Two environmental locations will be examined: dark-colored, inner estuary waters near Punta Gorda, Florida; and lighter more saline waters near Boca Grande, Florida. These locations have very different water quality characteristics. The Punta Gorda location is highly influenced by freshwater inflow; it receives more detrital matter than the Boca Grande site, and the salinity range is significantly lower. These locations have been chosen because of the differences in their water quality characteristics and their location within the estuarine system.
Two turtle grass (Thalassia testudinum) beds will be examined at each location. One bed at each setting will be located adjacent to urban storm water runoff. The other site will be located in a relatively un-impacted area and serve as a control. Seagrass shoots will be collected at each of the four T. testudinum beds, epibionts will be scraped, and epibiont abundance will be determined per shoot. Seagrass nutrient availability will be determined through seagrass tissue analysis. Plant and animal epibiont ratios will be determined through epiphyte chlorophyll concentrations. Each bed will also be analyzed for water column nutrient concentrations.
Results from this project will help to
determine if epibiont abundance can provide an early indication of increased
nutrient enrichment, changes in nutrient availability, and ecosystem decline.
Statement of the Problem
Seagrass meadows are the aquatic equivalent of terrestrial tropical rain forests. Seagrasses are extremely productive ecosystems, providing food, shelter, and nursery facilities for many marine organisms. Unfortunately, however, seagrasses worldwide are declining at alarming rates. In Florida, Tampa Bay has lost approximately 80% of its seagrass cover from historic levels (Zieman and Zieman 1989); Sarasota Bay has lost about 30% of its seagrasses since the 1940s (Mangrove Systems, Inc. 1988); and Charlotte Harbor, the area of focus in this study, has lost approximately 29% of its seagrasses from historical levels (Duke and Kruczynski 1992).
Loss of seagrasses around the world has
most often been linked to anthropogenic (human induced) nutrient enrichment
of nearshore waters (Larkum 1976; Kemp et al. 1983; Cambridge and McComb
1984; Orth and Moore 1984; Silberstein et al. 1986; Neverauskas 1987; Valiela
et al. 1990; Reyes and Merino 1991; Tomasko and Lapointe 1991; Lapointe
et al. 1994). One of the mechanisms towards this loss is overgrowth of
seagrasses by epibionts (figure 1) in areas of enhanced nutrient availability,
which in turn reduces seagrass photosynthesis and growth rate (Phillips
et al. 1978; Kemp et al. 1983; Cambridge et al.1986; Frankovich and Fourqurean
Traditionally, increased water column nutrients, enhanced epibiont levels, and the decline in seagrass health were seen as evidence of anthropogenic nutrient enrichment (Cambrige and McComb 1984; Siberstein et al. 1986; Tomasko and Lapointe 1991).
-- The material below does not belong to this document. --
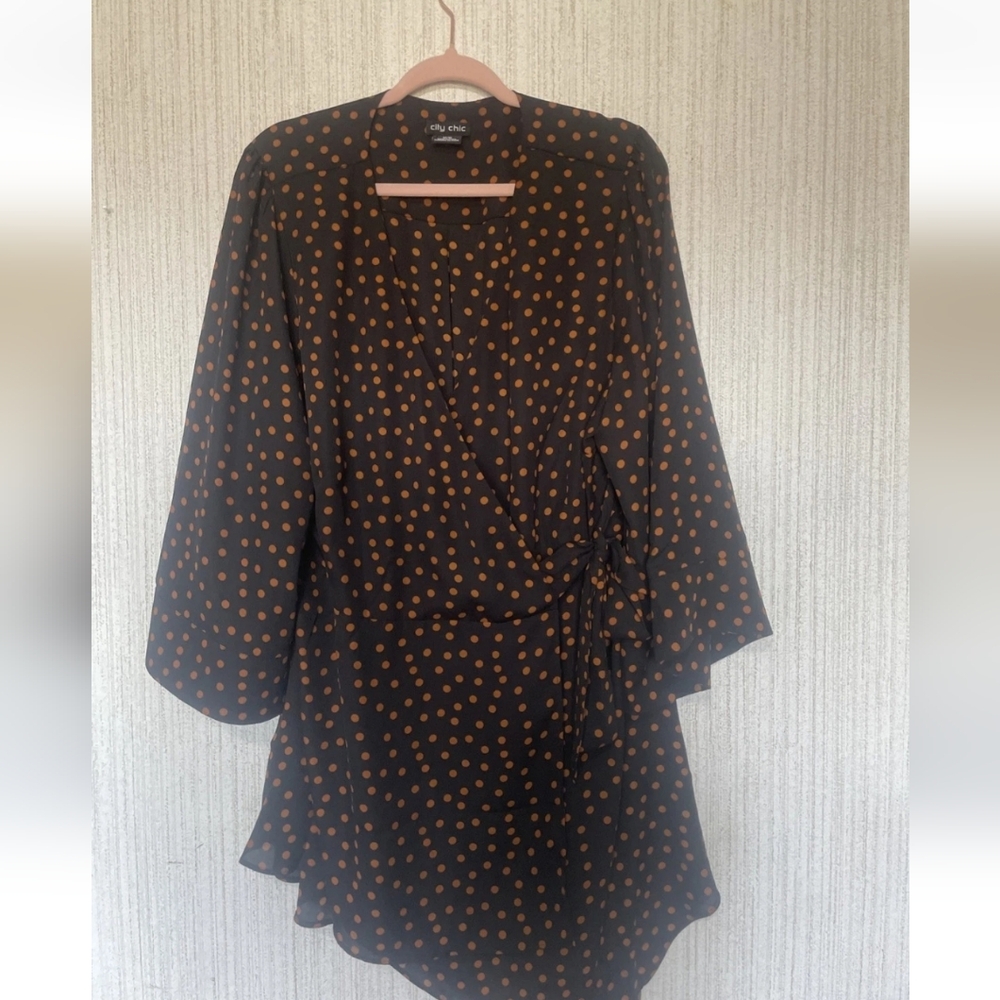 City Chic Size Medium 18 Black And Brown Polka Dot Wrap Dress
More recent studies have demonstrated that these traditional indicators do not fully describe nutrient availability within an estuary (Neckles et al. 1993; Tomasko et al. 1996).
Seagrasses thrive in estuarine areas of good water clarity with low nutrient enrichment and low nutrient availability. When nutrients are introduced into the system from increased pollutant loads and surface water runoff, nutrient availability is enhanced, creating conditions favorable for the establishment of seagrass epibionts and water column algae. The active uptake of nutrient by epibionts and algae, and the top down grazing of higher level organisms, leads to an eventual net loss in nutrient availability for seagrasses, resulting in stress and decline in seagrass communities (Frankovich and Fourqurean 1997). This active uptake of increased nutrients keeps water column nutrient concentrations low, and the grazing control of epibionts may actually hide the effects of nutrient enrichment (Tomasko et al. 1996).
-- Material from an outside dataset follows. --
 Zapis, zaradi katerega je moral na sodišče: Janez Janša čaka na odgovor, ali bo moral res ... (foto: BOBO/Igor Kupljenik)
Much of the research within the last ten years has associated anthropogenic nutrient enrichment of coastal marine waters with the development of plant epibionts or epiphytes on the leaves of various species of seagrasses (e.g. Kemp et al. 1983; Borum 1985; Twilley et al.1985; Williams and Ruckelshaus, 1993; Neckles et al. 1993; Coleman and Burkholder 1994). Some authors have suggested that epiphyte biomass may be a useful indicator of eutrophication (Borum 1985; Tomasko and Lapointe 1991; Tomasko et al., 1996), while others have emphasized the positive role of epiphytes on aquatic systems in terms of primary production, nutrient exchange, and food production (Harlin 1973; McRoy and Goering 1974; Penhale 1977; Penhale and Thayer 1980).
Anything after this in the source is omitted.